START SOURCE DATA

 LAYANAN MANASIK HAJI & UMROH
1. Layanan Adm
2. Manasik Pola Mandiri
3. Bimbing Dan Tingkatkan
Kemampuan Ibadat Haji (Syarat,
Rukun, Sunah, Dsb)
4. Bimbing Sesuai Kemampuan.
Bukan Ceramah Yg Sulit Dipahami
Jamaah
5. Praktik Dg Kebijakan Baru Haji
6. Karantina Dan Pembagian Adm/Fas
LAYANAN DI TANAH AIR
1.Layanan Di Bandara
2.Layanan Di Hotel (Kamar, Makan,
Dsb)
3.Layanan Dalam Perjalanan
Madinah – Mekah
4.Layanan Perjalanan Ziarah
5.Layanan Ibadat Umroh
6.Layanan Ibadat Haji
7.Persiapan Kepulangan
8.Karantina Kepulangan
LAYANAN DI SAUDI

END SOURCE DATA
START SOURCE DATA

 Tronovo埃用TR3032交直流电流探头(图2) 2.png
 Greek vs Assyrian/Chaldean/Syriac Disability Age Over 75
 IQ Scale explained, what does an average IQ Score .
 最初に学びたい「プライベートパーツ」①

END SOURCE DATA
START SOURCE DATA

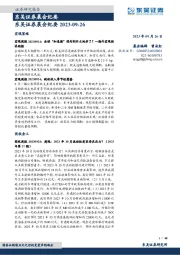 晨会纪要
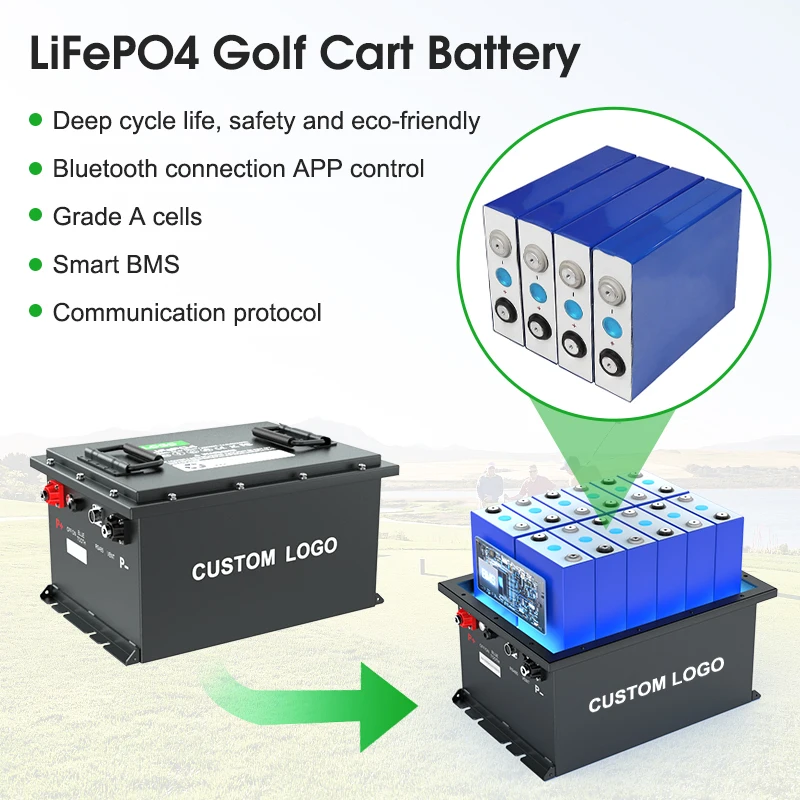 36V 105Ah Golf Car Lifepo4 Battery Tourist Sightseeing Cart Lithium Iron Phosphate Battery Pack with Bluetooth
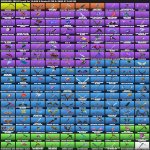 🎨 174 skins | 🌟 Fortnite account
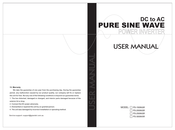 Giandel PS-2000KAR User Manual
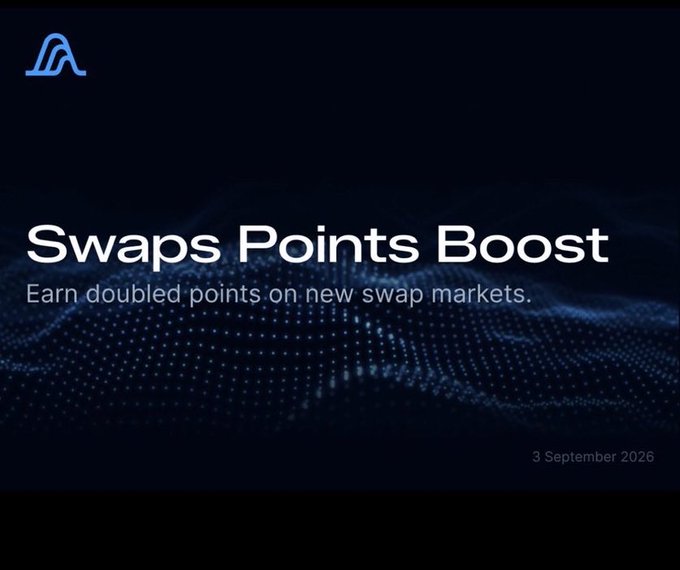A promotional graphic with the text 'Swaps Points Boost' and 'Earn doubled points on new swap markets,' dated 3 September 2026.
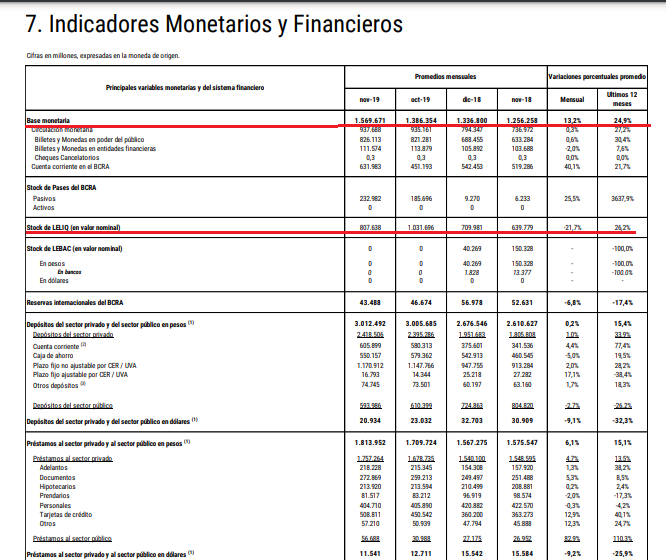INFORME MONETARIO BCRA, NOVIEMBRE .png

END SOURCE DATA

### TASK INSTRUCTIONS:
Copy every line from the entries that contains the word "Perjalanan".

### RESULT BELOW:
3.Layanan Dalam Perjalanan
4.Layanan Perjalanan Ziarah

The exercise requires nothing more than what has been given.